Now that I've entered adulthood, this social dread that has survived my childhood and my adolescence continues to exist. The only change has been my own outlook. It seems I have finally realized that forced socialization is one of the inevitabilities of life. It's not exactly death and taxes but it's damn close. This weekend was proof.

My presence was required this past weekend at a lodge atop a beautiful mountain for my step brother's wedding. To say that I was less than excited about this is perhaps an understatement (my attendance this weekend came at the cost of seeing MMJ in Dallas). As gauche and egocentric as it might be to admit this, it's the truth. Of course my problem isn't with weddings themselves but with these sort of pseudo family wedding where you know virtually no one—immediate family excluded—and are expected to carry on with fellow attendees as if you do know them.

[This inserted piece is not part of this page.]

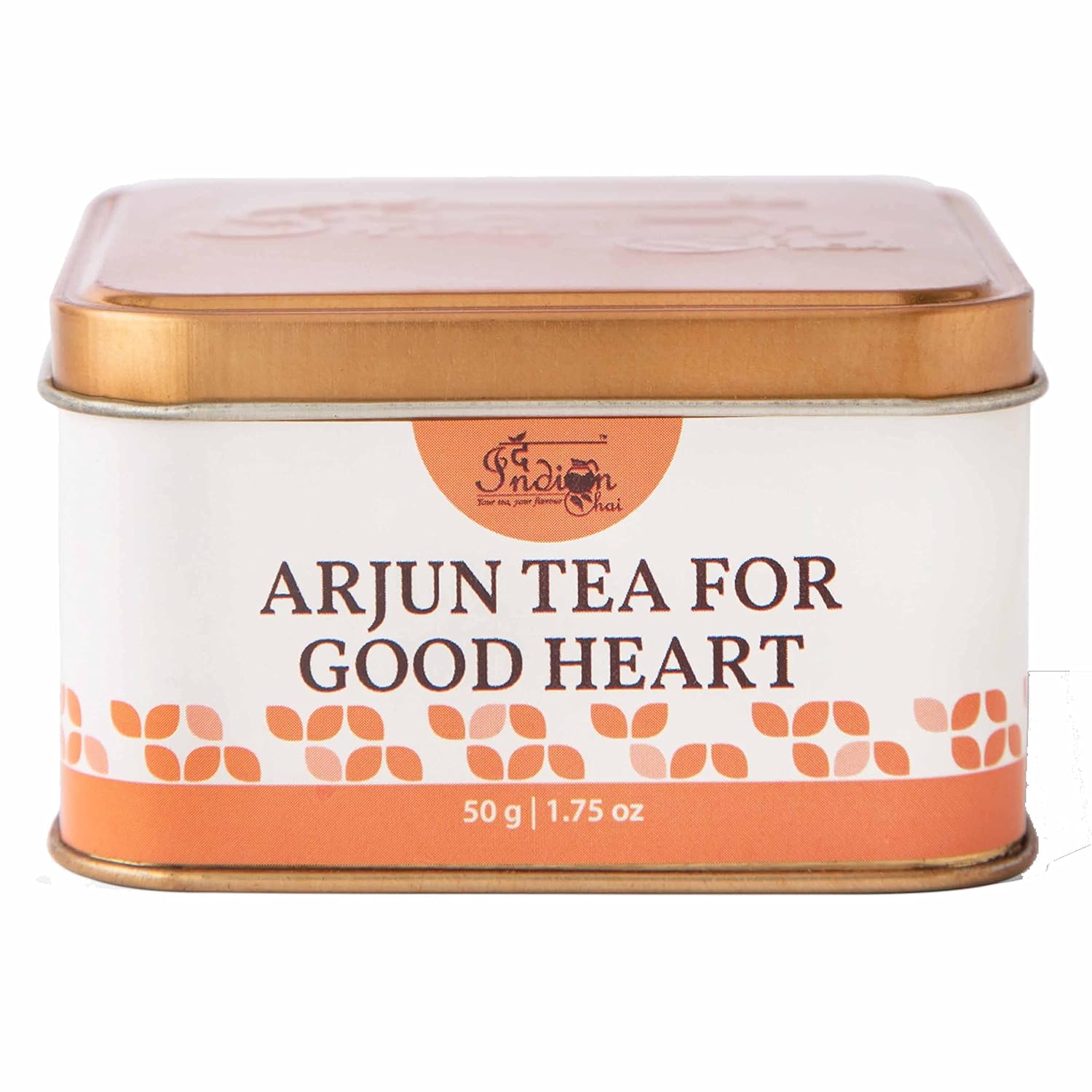 The Indian Chai - Arjun Tea for Good Heart - Distacart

Perhaps I am just a true contrarian, always in rebellion with what is expected. From petulant refusals to go to Sixth Street in college to my own youthful adoration of teams I wasn't supposed to like, a line of contrary behavior can be found in my life. This streak seems to have taken on a life of its own at times—a preternatural instinct almost. What other explanation can be reached for my fits of temper, silence, despair or my unfair humor even in the face of people for whom I deeply care? Or is it just the easy one?

2 comments:

The Baileys said...

I just think you are weird.

Mike said...

Your feelings towards forced socialization is the very reason we have forced socialization. Try and rap your mind around that!